> _Activity_
An exact repetition of the data below, without images, is the expected answer.

> _Stored data_
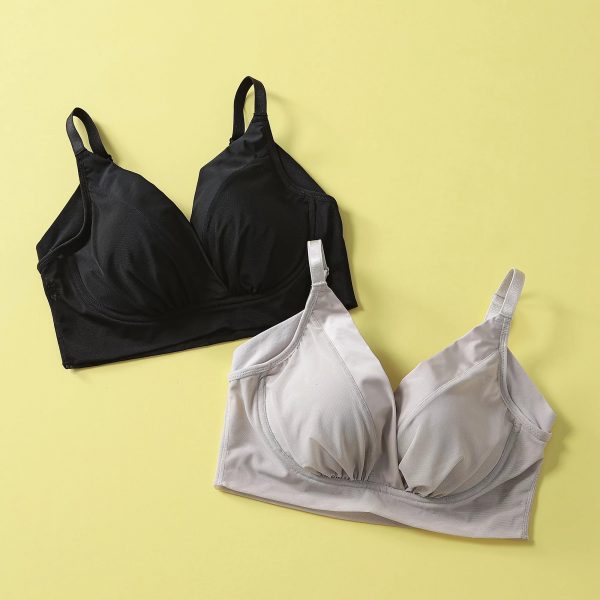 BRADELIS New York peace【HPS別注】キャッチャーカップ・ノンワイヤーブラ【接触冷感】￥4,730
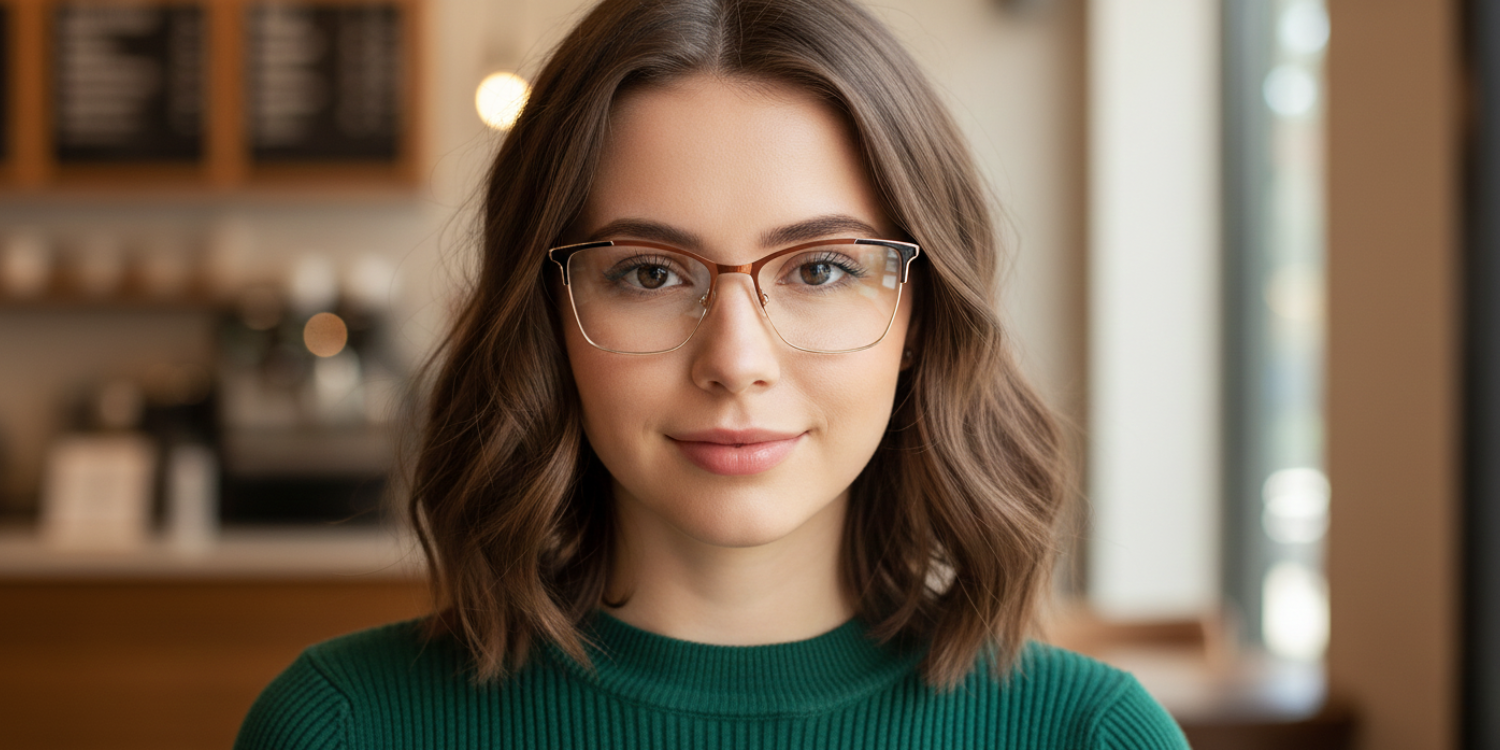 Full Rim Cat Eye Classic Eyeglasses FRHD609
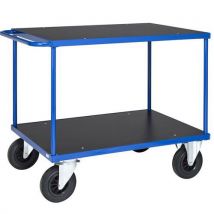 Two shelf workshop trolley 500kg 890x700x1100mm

> _Task result_
 BRADELIS New York peace【HPS別注】キャッチャーカップ・ノンワイヤーブラ【接触冷感】￥4,730
 Full Rim Cat Eye Classic Eyeglasses FRHD609
 Two shelf workshop trolley 500kg 890x700x1100mm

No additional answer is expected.